In the meantime, as county Health Department spokesman Guillermo Cole puts it: "We have to rely on the public to bring [dumpsites] to our attention."

Mary Savage's first cleanup job came 30 years ago, when she dragged a refrigerator and a mattress from a vacant lot near the Carnegie Library in Homewood, where she was working as a community program specialist. She's been picking up trash ever since -- often on her own.

"In this neighborhood, [dumpers] would come in trucks at night," says the Homewood resident.

Besides battling the nocturnal violators, Savage had fought the apathy that pervaded her community. Sometimes when she was picking up a vacant lot, a few passersby might join in. But many others, especially those too young to remember a time when Homewood wasn't being dumped on, shrugged off her efforts as quixotic. "They felt that this is it," Savage recalled.

These days, however, when Savage surveys the neighborhood, she nods approvingly at the vacant lots free of castaways and shorn of weeds and tall grass. Some parcels have even been converted into community gardens adorned with shrubs and benches. There are a few debris-choked spots down certain alleyways, but even there, a nearby Dumpster suggests the problem is under control.

"There is still a lot of work to be done," says Savage, who even in her 70s is not about to slow down -- especially now that cleanup efforts in Homewood are on a roll.

Back in spring, when the city's "Redd Up" campaign began, Savage and a few other neighborhood activists couldn't wait to get a hand.

"We were at the point that we were ready," says Savage.

City crews swooped in and did the heavy lifting. They removed the hefty items and waste that was already bundled up, and they knocked down abandoned buildings that can serve as dens for dumps. Once residents saw that their neighborhood could indeed be rid of dumps, many started pitching in. Some were even organized into block groups to monitor illegal dumping nearby.

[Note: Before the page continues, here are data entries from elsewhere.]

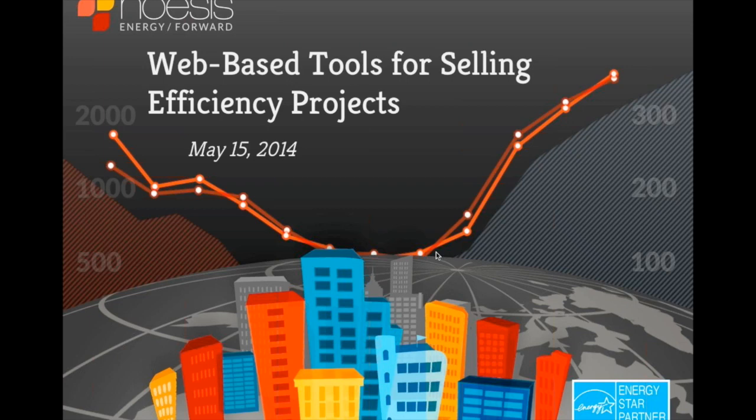Good afternoon, everybody. I hope everybody's having a great day. Thank you for joining us today for Noesis' weekly webinar, Web-based Tools for Selling Efficiency Projects.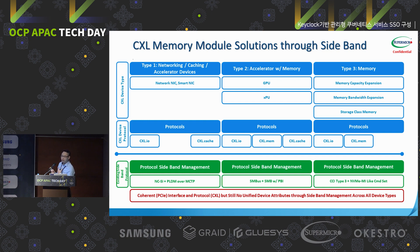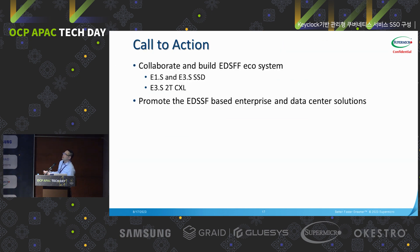That's why we are here at OCP — we're trying to collaborate and hopefully work together on this next generation product. In closing, the call to action: we love to collaborate. We have E3.S1T and E3.S2T support right at this point, including CXL 2T and 1T devices. Let's work together. Collaboration is one key thing as Supermicro engages with OCP. Let's promote EDSFF solutions for the entire enterprise and data center.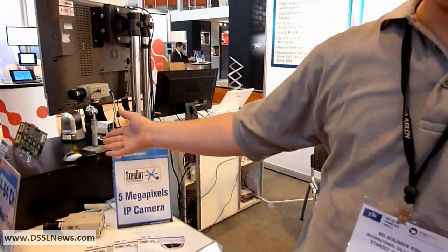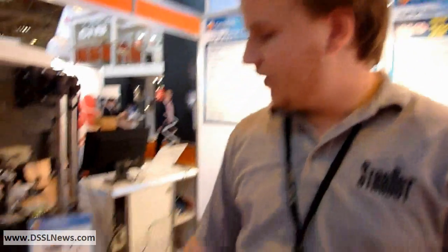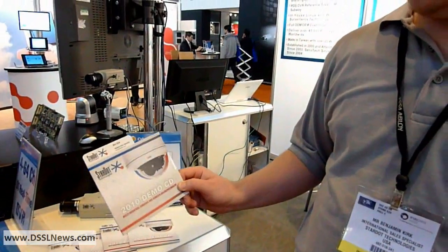It's compatible with Cybervision DVR and many other DVR systems. Our website is stardot.com.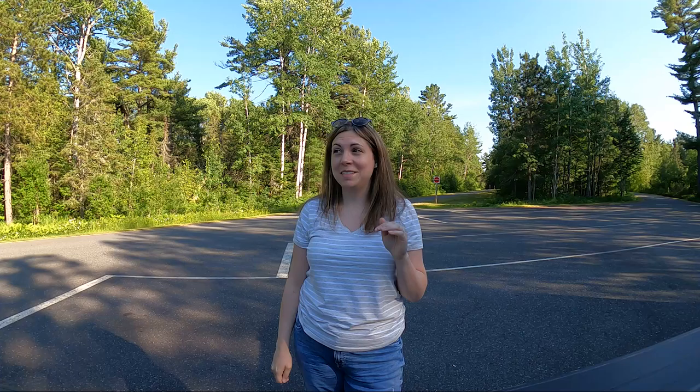I must admit I'm a little nervous because there have been tons of bear sightings, and the last one posted in the Facebook group was only about two hours ago — the bear got right up on the picnic table. So I'm a little bit nervous, but we're going to see how this weekend goes.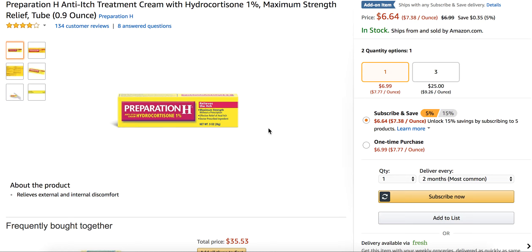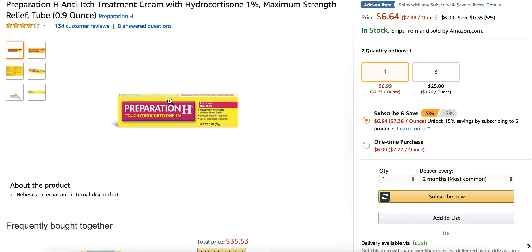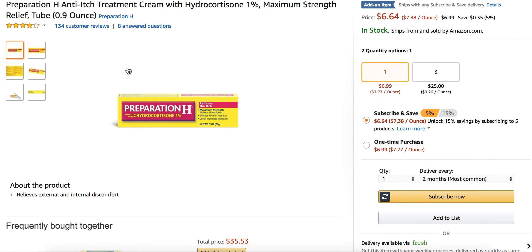There are some other creams and hemorrhoid wipes that you should definitely want to take a look at. One cream would be another Preparation H cream — not this one, this is obviously the hydrocortisone one. The other Preparation H cream is a maximum strength cream that has lidocaine in it and also phenylephrine. Lidocaine is a topical anesthetic that will numb the area, so that's something you can use as well.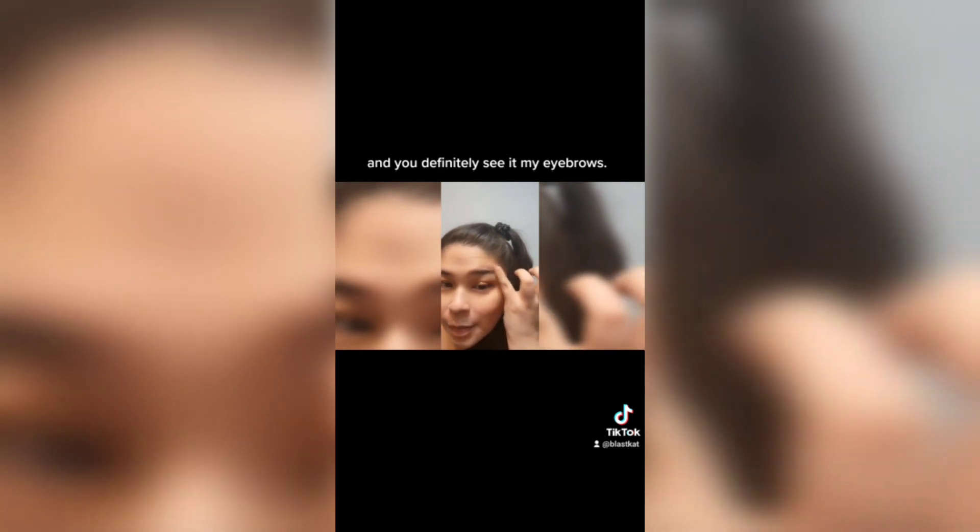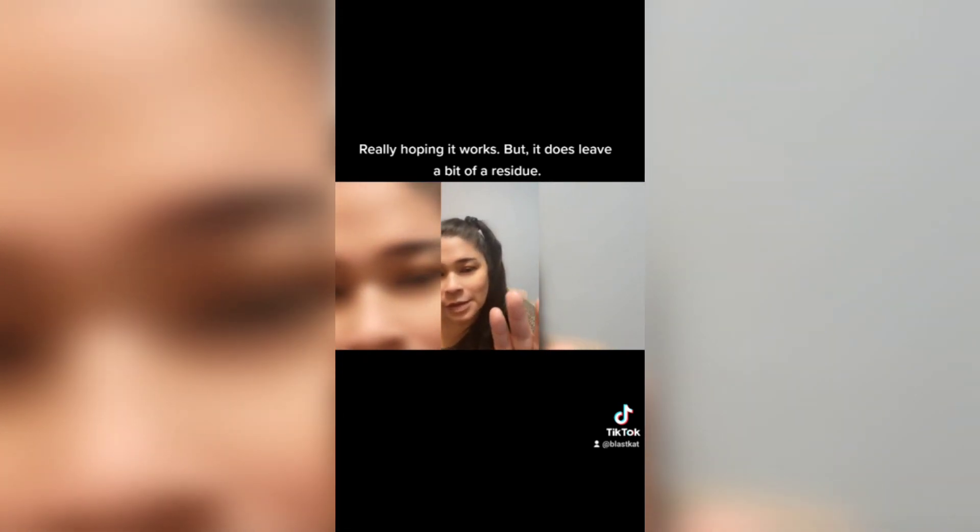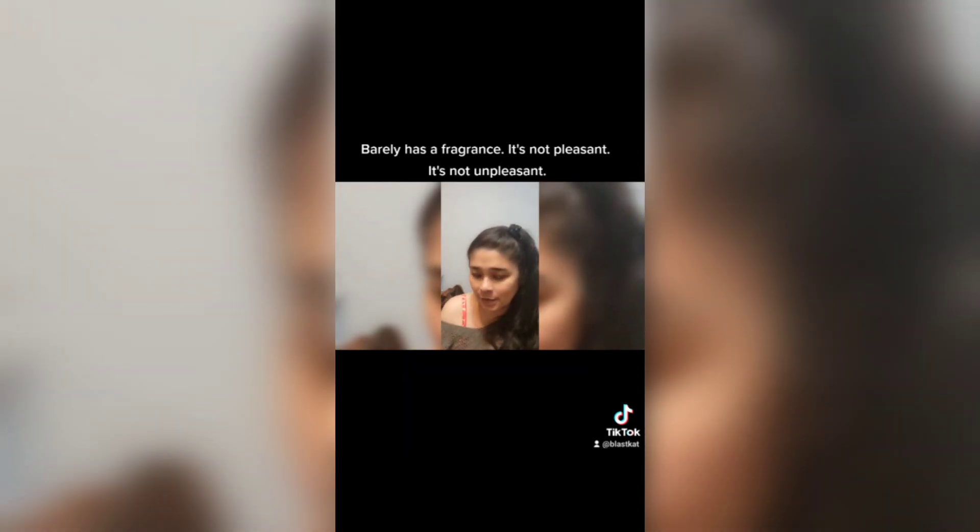I can definitely see it in my eyebrows. I'm really hoping it works. But it does leave a bit of a residue. It barely has a fragrance. It's not pleasant. It's not unpleasant. It's water resistant.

"The Redd Up campaign jump-started everything," says Crumrine, who has since been training residents from Homewood and other neighborhoods to organize community cleanups. "There were already people doing that kind of work. But what keeps people from getting involved is a feeling of hopelessness -- a feeling that they individually can't make a difference. They felt the problem was too big for them. The 'Redd Up' [campaign] really poked through that."

Although there is evidence that violators tend not to dump on a cleaned-up lot, in order to deter future dumping, residents will have to keep up with the maintenance of the lots.

"There should be an effort that they be maintained," says Savage. "Otherwise it'll revert right back." She and other Homewood residents involved in cleanups hope that part of the recently announced city budget earmarked for "Redd Up" efforts -- as much as $500,000 -- will be spent maintaining the sites.

Public education about how to dispose of unwanted items is also important. While there is a contingent of hardcore scofflaws, many people dump out of ignorance about the right way of doing things. Even Crumrine says that when she was recently faced with disposing of an old washer and dryer, she had no idea how to get rid of such appliances properly. "It's a lot of work trying to figure out what to do," says Crumrine.

That kind of education can't be accomplished in a vacuum, especially in low-income urban neighborhoods where families are confronted with more pressing issues. To engage residents in anti-dumping efforts, PA Cleanways has adopted a national model called Method to Engage Residents and Grassroots in the Environment (MERGE). The idea is to survey residents about their priorities and tie them to environmental concerns. A model for the program, designed by Urban Ecology Collaborative, is being tested in five other cities: Boston, New York, New Haven, Baltimore and Washington, D.C.

In any case, preventing dumping takes both concerted and consistent effort. Homewood's Savage, for one, says she's determined to stick it out for the long haul.

"We want it to be maintained," says Savage. "Even though it is a deprived neighborhood, it doesn't have to look deprived."